- Born: 12 October 1983 (age 42)
- Other names: Awilo Wilbroda
- Occupation: Actress

= Jackie Nyaminde =

Kenyan actor

Jackie Nyaminde (born 1983) is a Kenyan actress whose stage names are Wilbroda and Awilo.

== Early life ==
Nyaminde was born on 12 October 1983, and raised in Nairobi West, Langata and Rongai in Kajiado County. She was the first born into a family of six and she attended Kongoni Primary School and Uhuru Gardens Primary School in Nairobi, for secondary education she attended Koru Girls High School in Kisumu County.

== Career ==
Nyaminde took a short course on film production after high school. Her acting started at the Kenya National Theatre before 2007. She travelled to different parts of the country visiting high schools to perform set books with other Kenyan actors. She acts in a local popular show Papa Shirandula which is aired on Citizen TV.

She has worked as a radio presenter at several Kenyan radio stations and is currently (2021) working at Milele Fm, co-hosting with Alex Mwakideu on the Morning Show.

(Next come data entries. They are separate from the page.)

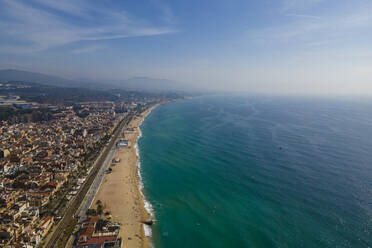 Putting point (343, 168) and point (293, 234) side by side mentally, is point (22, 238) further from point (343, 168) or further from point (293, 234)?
point (343, 168)

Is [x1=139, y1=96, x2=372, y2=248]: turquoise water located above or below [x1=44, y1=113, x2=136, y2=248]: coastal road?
above

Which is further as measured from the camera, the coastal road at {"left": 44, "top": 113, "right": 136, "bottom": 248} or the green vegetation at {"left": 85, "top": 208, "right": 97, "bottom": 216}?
the green vegetation at {"left": 85, "top": 208, "right": 97, "bottom": 216}

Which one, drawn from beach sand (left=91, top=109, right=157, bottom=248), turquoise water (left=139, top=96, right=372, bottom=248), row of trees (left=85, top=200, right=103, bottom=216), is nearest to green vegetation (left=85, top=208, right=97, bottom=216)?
row of trees (left=85, top=200, right=103, bottom=216)

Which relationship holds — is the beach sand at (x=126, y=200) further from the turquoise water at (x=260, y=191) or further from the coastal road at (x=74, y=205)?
the coastal road at (x=74, y=205)

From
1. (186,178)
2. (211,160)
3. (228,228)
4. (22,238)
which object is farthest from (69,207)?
(211,160)

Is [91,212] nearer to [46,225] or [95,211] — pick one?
[95,211]

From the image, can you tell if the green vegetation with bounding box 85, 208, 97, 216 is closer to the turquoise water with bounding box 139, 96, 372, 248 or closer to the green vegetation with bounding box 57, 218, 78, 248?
the green vegetation with bounding box 57, 218, 78, 248

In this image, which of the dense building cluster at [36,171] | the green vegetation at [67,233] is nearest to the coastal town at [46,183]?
the dense building cluster at [36,171] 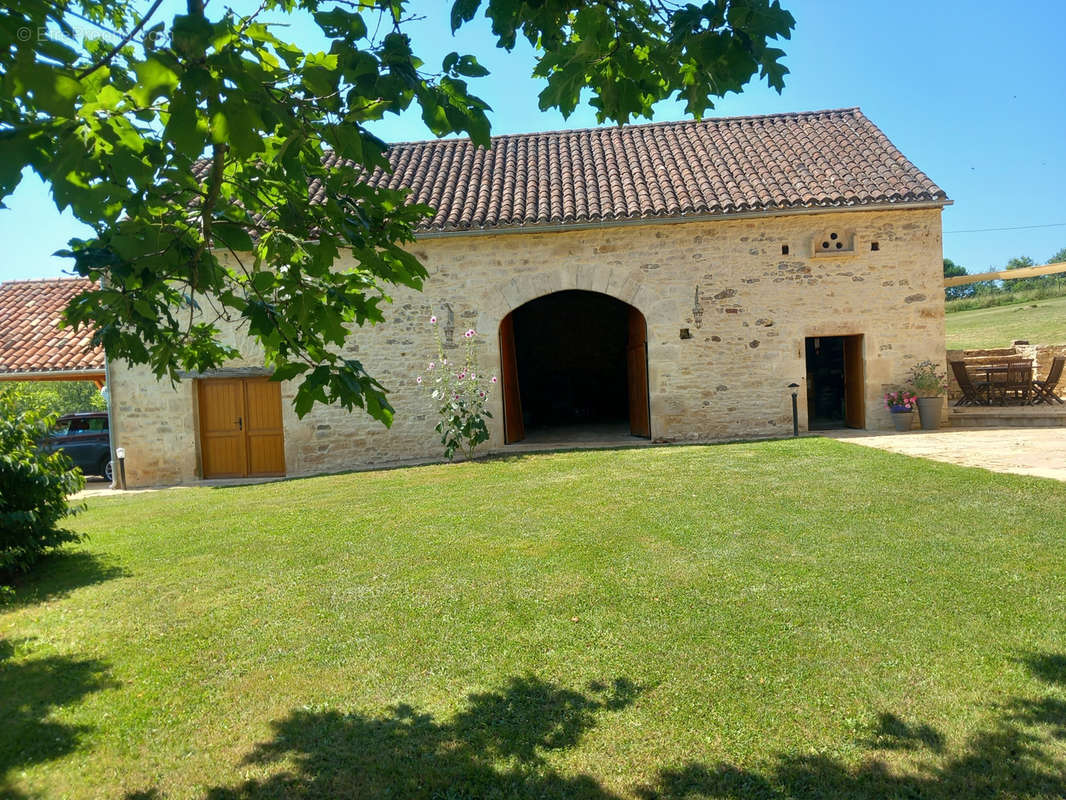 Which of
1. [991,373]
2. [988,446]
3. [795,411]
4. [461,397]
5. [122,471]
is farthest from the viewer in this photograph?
[991,373]

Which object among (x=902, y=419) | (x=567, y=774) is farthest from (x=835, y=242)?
(x=567, y=774)

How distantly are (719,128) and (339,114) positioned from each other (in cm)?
A: 1318

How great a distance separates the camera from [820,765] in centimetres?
252

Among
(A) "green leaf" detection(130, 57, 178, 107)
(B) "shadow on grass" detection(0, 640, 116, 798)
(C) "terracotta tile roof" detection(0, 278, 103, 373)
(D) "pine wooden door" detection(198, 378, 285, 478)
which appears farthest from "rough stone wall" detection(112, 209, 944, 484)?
(A) "green leaf" detection(130, 57, 178, 107)

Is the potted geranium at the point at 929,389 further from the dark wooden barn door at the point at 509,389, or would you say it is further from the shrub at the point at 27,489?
the shrub at the point at 27,489

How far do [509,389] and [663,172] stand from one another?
4.54 meters

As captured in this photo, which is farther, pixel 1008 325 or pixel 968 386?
pixel 1008 325

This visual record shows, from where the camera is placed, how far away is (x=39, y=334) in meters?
15.4

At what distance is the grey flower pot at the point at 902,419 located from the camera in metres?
11.4

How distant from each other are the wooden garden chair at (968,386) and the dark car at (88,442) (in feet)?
53.6

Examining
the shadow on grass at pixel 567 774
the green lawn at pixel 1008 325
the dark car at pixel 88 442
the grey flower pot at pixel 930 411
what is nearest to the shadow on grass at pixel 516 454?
the grey flower pot at pixel 930 411

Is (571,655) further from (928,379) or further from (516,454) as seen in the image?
(928,379)

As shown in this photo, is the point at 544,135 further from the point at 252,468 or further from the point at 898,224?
the point at 252,468

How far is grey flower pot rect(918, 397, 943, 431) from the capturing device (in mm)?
11305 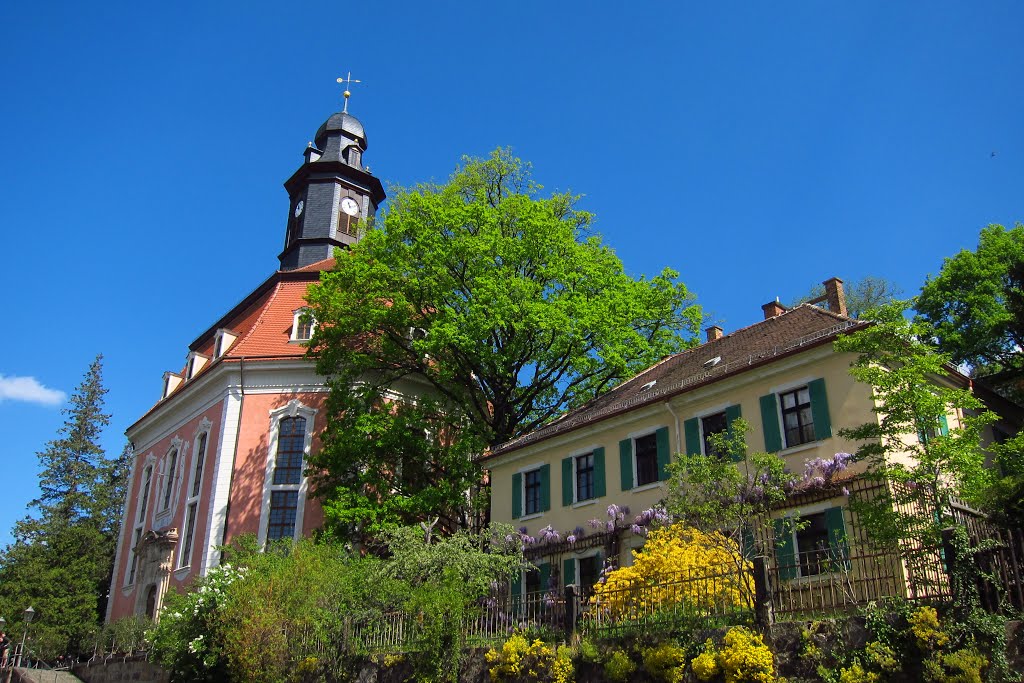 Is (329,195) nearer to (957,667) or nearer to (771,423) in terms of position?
(771,423)

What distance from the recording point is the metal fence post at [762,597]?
12.9 m

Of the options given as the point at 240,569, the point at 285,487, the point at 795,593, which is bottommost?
the point at 795,593

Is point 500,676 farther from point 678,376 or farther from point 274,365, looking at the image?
point 274,365

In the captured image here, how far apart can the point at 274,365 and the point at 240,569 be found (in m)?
12.8

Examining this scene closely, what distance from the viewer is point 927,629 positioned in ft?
36.6

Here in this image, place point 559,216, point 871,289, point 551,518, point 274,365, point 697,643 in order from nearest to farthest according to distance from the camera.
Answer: point 697,643 < point 551,518 < point 559,216 < point 274,365 < point 871,289

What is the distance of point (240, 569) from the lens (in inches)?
953

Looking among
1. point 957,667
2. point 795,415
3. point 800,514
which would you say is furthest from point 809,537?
point 957,667

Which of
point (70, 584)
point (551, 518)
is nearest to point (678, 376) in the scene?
point (551, 518)

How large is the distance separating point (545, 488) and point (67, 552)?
1303 inches

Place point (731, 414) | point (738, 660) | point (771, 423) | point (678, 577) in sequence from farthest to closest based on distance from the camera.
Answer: point (731, 414) < point (771, 423) < point (678, 577) < point (738, 660)

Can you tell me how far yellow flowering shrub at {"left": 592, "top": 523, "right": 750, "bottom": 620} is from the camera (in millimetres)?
14125

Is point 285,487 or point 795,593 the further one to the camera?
point 285,487

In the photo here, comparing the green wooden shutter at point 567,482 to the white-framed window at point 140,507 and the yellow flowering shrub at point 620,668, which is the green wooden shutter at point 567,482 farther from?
the white-framed window at point 140,507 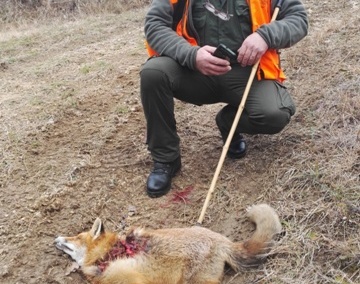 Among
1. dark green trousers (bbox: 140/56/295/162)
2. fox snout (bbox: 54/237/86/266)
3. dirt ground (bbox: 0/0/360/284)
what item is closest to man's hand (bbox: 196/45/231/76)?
dark green trousers (bbox: 140/56/295/162)

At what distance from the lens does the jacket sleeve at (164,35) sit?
3.66m

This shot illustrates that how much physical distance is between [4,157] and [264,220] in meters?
2.51

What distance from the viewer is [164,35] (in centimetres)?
373

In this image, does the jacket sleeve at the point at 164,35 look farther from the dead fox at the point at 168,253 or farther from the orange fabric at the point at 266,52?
the dead fox at the point at 168,253

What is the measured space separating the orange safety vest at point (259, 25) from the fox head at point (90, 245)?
166 cm

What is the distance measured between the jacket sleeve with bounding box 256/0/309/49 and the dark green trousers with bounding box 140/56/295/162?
1.13ft

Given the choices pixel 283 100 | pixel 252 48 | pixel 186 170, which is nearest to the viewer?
pixel 252 48

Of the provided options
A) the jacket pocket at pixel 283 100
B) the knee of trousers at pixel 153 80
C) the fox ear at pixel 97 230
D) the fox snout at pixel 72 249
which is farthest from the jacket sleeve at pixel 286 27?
the fox snout at pixel 72 249

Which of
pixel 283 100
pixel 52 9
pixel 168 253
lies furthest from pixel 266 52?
pixel 52 9

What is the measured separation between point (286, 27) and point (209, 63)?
68cm

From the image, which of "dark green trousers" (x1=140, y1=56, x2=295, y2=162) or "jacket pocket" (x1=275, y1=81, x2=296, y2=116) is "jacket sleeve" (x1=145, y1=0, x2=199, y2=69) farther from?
"jacket pocket" (x1=275, y1=81, x2=296, y2=116)

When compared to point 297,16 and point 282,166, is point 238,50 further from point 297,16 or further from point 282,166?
point 282,166

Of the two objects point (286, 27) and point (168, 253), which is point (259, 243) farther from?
point (286, 27)

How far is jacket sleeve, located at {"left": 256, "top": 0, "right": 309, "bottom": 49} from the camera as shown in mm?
3551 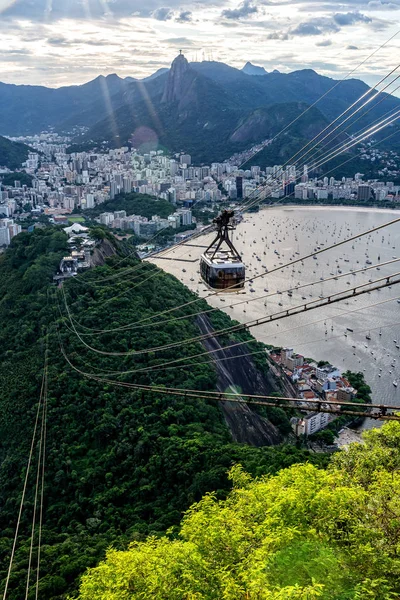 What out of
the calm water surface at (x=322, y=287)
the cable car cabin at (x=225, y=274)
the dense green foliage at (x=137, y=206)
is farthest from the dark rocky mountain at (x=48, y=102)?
the cable car cabin at (x=225, y=274)

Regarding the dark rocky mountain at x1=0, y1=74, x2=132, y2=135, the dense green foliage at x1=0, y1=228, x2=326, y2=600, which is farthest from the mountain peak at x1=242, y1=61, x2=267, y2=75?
the dense green foliage at x1=0, y1=228, x2=326, y2=600

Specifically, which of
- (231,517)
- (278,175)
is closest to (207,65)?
(278,175)

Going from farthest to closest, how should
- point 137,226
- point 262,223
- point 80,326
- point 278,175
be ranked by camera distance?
point 278,175 < point 262,223 < point 137,226 < point 80,326

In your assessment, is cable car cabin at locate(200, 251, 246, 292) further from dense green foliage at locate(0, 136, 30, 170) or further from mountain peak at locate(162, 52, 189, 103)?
mountain peak at locate(162, 52, 189, 103)

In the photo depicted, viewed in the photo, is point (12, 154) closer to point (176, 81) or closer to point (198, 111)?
point (198, 111)

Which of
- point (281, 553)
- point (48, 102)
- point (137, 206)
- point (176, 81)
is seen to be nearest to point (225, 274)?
point (281, 553)

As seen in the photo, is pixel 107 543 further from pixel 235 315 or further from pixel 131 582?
pixel 235 315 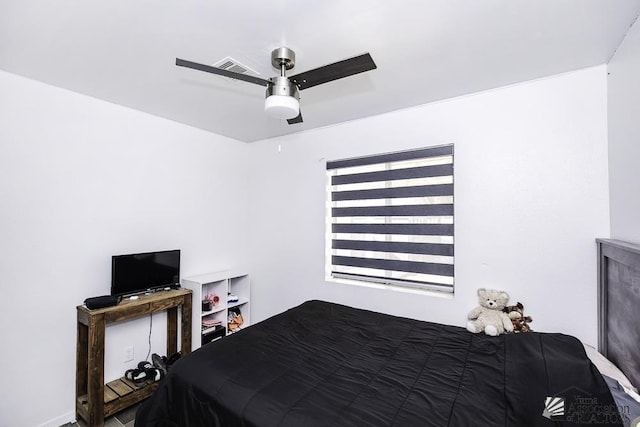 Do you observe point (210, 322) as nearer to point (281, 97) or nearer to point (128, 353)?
point (128, 353)

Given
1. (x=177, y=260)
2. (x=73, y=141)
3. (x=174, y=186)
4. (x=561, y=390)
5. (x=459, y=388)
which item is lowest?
(x=459, y=388)

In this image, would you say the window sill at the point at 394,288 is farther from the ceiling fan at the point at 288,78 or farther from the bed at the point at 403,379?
the ceiling fan at the point at 288,78

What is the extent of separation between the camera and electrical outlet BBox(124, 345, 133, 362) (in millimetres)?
2596

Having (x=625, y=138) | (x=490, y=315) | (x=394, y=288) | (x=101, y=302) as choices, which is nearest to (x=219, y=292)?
(x=101, y=302)

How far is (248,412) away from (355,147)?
245cm

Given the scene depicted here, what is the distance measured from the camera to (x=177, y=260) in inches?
114

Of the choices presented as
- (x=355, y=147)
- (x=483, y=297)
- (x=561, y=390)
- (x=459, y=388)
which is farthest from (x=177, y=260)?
(x=561, y=390)

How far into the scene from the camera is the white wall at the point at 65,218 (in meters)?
2.02

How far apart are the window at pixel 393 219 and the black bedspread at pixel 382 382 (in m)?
0.71

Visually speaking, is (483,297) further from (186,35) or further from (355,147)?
(186,35)

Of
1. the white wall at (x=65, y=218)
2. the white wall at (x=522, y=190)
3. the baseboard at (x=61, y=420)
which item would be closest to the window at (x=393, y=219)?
the white wall at (x=522, y=190)

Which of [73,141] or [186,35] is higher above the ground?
[186,35]

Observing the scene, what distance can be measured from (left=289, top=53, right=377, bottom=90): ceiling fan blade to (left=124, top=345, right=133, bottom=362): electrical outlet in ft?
9.13

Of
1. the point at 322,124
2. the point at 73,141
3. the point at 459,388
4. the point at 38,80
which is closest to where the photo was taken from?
the point at 459,388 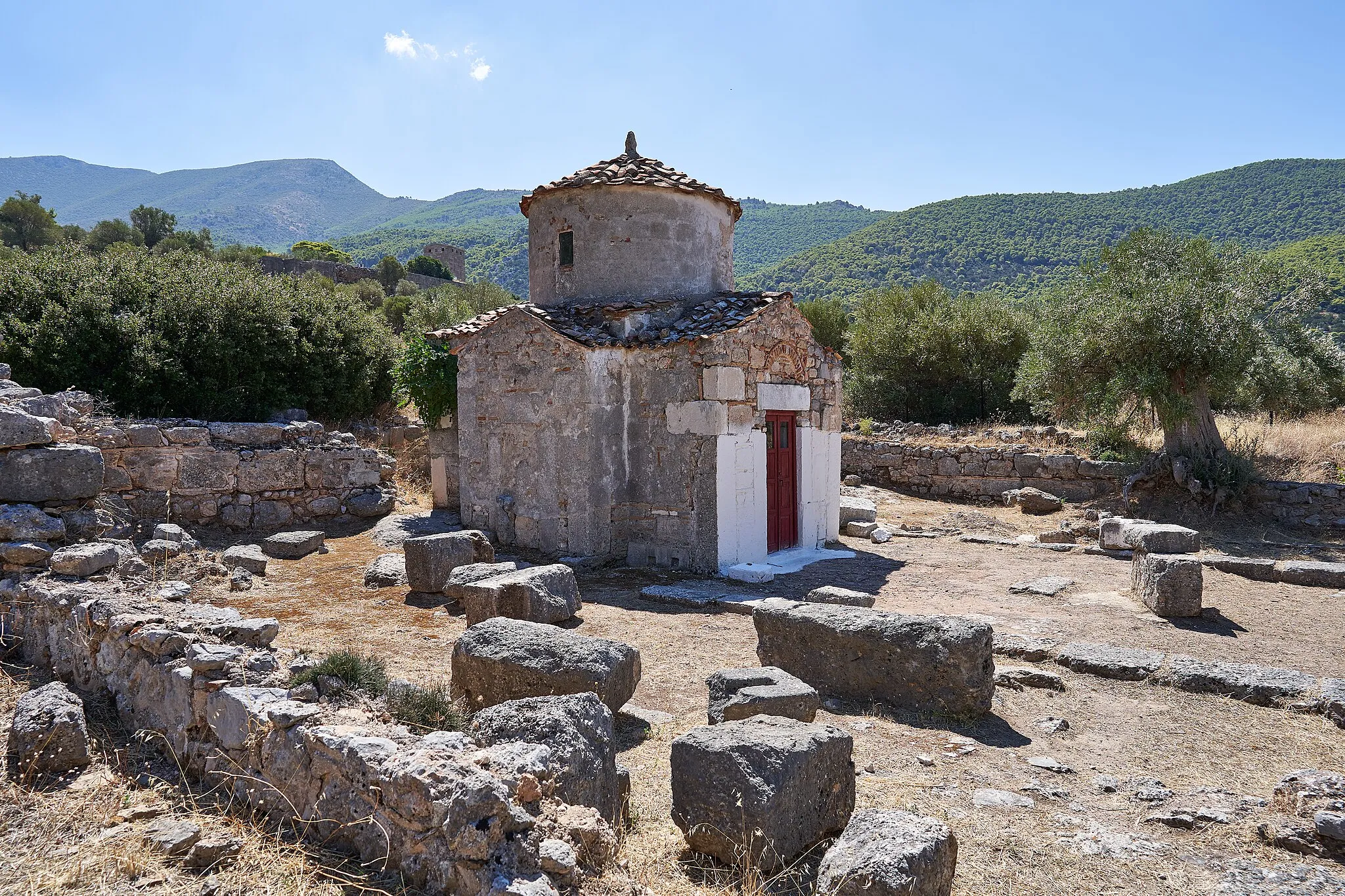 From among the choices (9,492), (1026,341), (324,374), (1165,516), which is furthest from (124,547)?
(1026,341)

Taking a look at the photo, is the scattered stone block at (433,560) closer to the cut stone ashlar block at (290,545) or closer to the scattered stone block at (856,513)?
the cut stone ashlar block at (290,545)

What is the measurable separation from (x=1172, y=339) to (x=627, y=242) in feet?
34.8

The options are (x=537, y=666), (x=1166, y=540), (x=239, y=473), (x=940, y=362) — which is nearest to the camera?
(x=537, y=666)

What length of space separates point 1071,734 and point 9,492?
8.93 m

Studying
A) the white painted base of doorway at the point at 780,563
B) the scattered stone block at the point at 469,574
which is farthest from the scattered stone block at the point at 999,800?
the white painted base of doorway at the point at 780,563

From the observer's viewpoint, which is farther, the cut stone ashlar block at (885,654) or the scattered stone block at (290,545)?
the scattered stone block at (290,545)

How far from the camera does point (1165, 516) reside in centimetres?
1505

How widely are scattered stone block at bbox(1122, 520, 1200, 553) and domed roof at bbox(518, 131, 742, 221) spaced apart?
27.1 feet

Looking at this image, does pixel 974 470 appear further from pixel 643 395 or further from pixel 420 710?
pixel 420 710

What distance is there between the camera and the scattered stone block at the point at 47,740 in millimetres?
4344

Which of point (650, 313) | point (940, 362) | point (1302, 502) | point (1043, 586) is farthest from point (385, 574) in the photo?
point (940, 362)

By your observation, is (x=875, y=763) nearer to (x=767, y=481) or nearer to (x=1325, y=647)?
(x=1325, y=647)

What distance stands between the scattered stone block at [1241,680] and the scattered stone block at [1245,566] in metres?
4.66

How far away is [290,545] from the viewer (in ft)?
34.9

She previously worked at Citizen radio alongside Inspekta Mwala and Luchivya. She is also a philanthropist and co-founded a charity with fellow comedians. She champions many causes, among them child health and hygiene.

In October 2025, Jackie is set to star in the Maisha Magic Plus telenovela, Lazizi alongside Hellen Keli and Mwaniki Mageria.